Activity:
Please repeat the records below exactly, from the first line through the line containing "Edgar Degas - Tänzerin", and nothing more.

++++ Provided material

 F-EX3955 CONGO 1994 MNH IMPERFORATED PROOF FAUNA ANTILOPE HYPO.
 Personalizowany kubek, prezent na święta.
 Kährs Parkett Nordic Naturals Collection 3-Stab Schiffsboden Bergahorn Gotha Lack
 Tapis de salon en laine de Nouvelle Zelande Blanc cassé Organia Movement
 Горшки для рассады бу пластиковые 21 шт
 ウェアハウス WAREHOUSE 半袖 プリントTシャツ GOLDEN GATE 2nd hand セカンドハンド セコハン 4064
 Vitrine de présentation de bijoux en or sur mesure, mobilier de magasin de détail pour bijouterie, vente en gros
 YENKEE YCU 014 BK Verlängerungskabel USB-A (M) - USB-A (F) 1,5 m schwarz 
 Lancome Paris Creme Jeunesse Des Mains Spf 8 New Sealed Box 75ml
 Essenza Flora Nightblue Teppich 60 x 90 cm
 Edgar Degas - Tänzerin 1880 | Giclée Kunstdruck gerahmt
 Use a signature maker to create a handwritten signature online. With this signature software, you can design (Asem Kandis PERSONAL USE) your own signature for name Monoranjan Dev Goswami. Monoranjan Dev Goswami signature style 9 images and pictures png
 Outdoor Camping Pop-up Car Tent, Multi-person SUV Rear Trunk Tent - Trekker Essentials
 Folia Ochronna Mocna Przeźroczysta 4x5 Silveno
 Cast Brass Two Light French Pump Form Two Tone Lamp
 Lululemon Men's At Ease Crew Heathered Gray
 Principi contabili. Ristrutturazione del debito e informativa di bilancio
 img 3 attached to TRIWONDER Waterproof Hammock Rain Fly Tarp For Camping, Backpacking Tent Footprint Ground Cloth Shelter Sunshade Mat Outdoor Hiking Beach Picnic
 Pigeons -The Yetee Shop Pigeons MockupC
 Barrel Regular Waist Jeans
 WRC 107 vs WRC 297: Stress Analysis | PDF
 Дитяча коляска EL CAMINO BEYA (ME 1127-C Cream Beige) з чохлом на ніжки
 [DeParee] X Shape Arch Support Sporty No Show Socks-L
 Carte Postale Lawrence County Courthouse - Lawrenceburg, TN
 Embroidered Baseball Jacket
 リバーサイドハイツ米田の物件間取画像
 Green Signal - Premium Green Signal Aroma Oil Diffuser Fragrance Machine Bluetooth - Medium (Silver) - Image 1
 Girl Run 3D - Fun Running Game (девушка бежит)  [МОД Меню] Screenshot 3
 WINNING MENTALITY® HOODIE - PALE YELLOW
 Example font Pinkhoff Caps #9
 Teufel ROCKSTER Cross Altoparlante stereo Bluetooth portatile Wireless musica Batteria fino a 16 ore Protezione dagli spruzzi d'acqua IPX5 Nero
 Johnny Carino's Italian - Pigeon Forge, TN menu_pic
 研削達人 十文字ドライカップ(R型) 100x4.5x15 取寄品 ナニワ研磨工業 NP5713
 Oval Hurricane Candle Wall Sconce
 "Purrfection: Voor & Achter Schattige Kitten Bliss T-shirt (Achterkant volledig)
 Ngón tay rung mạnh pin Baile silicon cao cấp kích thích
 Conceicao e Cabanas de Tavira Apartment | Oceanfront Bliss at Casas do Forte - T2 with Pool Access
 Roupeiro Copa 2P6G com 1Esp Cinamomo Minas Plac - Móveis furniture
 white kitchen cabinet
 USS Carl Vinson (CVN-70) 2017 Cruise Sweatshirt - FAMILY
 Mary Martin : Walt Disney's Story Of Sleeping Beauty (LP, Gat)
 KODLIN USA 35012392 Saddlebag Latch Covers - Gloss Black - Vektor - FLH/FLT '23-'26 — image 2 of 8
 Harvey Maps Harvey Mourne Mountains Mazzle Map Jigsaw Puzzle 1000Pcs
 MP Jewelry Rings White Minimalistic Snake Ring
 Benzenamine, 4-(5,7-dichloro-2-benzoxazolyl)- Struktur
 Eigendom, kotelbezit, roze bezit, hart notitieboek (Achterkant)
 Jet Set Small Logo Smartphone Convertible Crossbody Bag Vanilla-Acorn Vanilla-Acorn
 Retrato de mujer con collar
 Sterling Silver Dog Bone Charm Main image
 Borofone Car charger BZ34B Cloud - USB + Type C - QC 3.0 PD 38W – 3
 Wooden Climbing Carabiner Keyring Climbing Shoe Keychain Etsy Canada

++++++++

Response:
 F-EX3955 CONGO 1994 MNH IMPERFORATED PROOF FAUNA ANTILOPE HYPO.
 Personalizowany kubek, prezent na święta.
 Kährs Parkett Nordic Naturals Collection 3-Stab Schiffsboden Bergahorn Gotha Lack
 Tapis de salon en laine de Nouvelle Zelande Blanc cassé Organia Movement
 Горшки для рассады бу пластиковые 21 шт
 ウェアハウス WAREHOUSE 半袖 プリントTシャツ GOLDEN GATE 2nd hand セカンドハンド セコハン 4064
 Vitrine de présentation de bijoux en or sur mesure, mobilier de magasin de détail pour bijouterie, vente en gros
 YENKEE YCU 014 BK Verlängerungskabel USB-A (M) - USB-A (F) 1,5 m schwarz 
 Lancome Paris Creme Jeunesse Des Mains Spf 8 New Sealed Box 75ml
 Essenza Flora Nightblue Teppich 60 x 90 cm
 Edgar Degas - Tänzerin 1880 | Giclée Kunstdruck gerahmt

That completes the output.